Trained model autoscaling

You can enable autoscaling for each of your trained model deployments. Autoscaling allows Elasticsearch to automatically adjust the resources the model deployment can use based on the workload demand.

There are two ways to enable autoscaling:

through APIs by enabling adaptive allocations
in Kibana by enabling adaptive resources

For Serverless projects, trained model autoscaling is always enabled and cannot be turned off.

Important

To fully leverage model autoscaling in Elastic Cloud Hosted, Elastic Cloud Enterprise, and Elastic Cloud on Kubernetes, it is highly recommended to enable Elasticsearch deployment autoscaling.

Trained model autoscaling is available for Serverless, Elastic Cloud Hosted, Elastic Cloud Enterprise, and Elastic Cloud on Kubernetes deployments. In Serverless projects, processing power is managed differently across Search, Observability, and Security projects, which impacts their costs and resource limits.

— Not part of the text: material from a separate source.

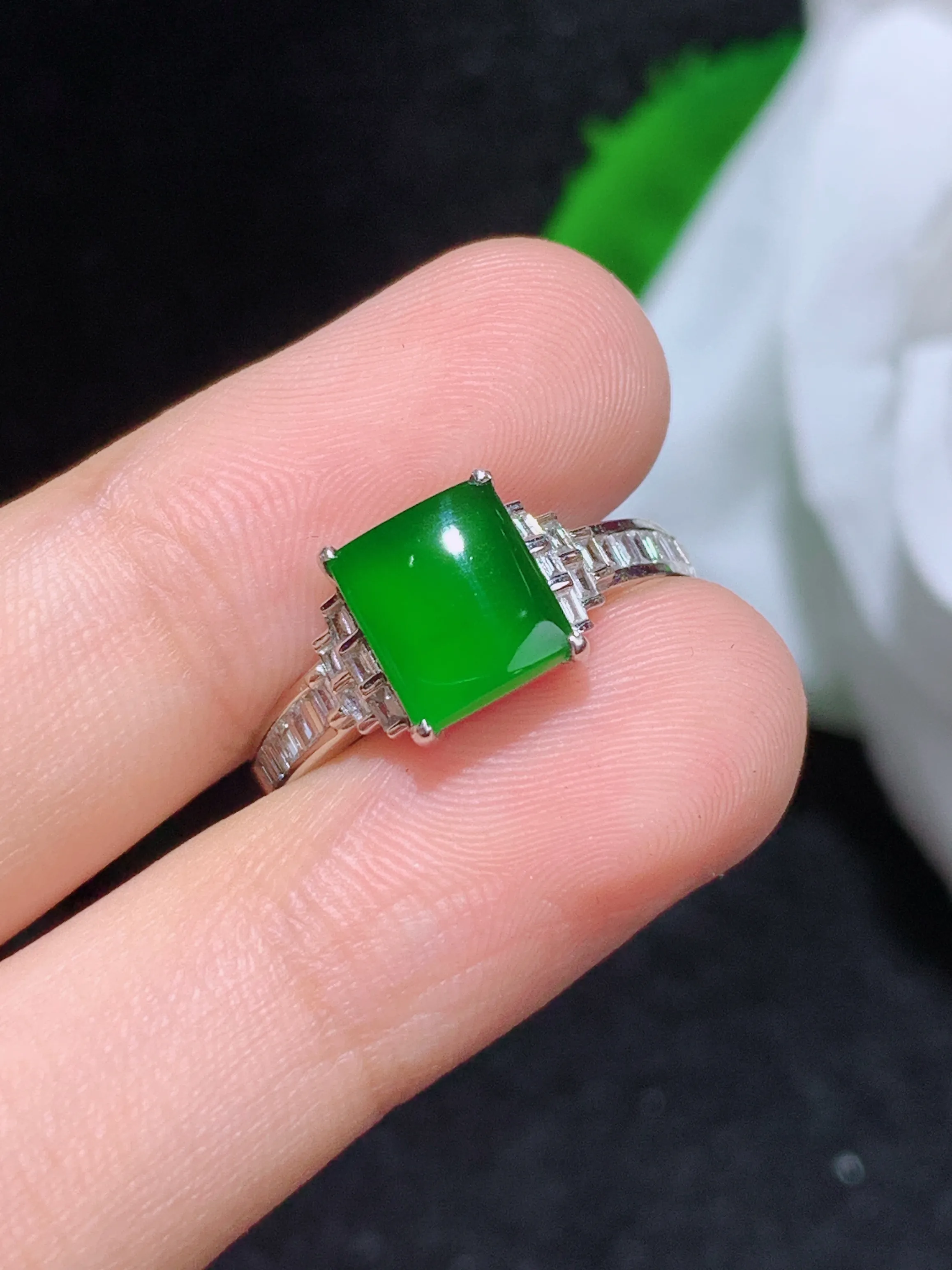 满绿马鞍戒指，18k金镶嵌，颜色清爽，水润，整体规格：20-8.4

Trained model auto-scaling for self-managed deployments

The available resources of self-managed deployments are static, so trained model autoscaling is not applicable. However, available resources are still segmented based on the settings described in this section.

Elastic Cloud Serverless Security and Observability projects are only charged for data ingestion and retention. They are not charged for processing power (VCU usage), which is used for more complex operations, like running advanced search models. For example, in Search projects, models such as ELSER require significant processing power to provide more accurate search results.

Cooldown periods

Trained model deployments remain active for 24 hours after the last inference request. After that, they scale down to zero. When scaled up again, they stay active for 5 minutes before they can scale down. These cooldown periods prevent unnecessary scaling and ensure models are available when needed.

Important

During these cooldown periods, you will continue to be billed for the active resources.

For Elastic Cloud Hosted, Elastic Cloud on Kubernetes and Elastic Cloud Enterprise deployments, you can change the length of this period with the xpack.ml.trained_models.adaptive_allocations.scale_to_zero_time cluster setting (minimum 1 minute). For Serverless projects, this period is fixed and cannot be changed.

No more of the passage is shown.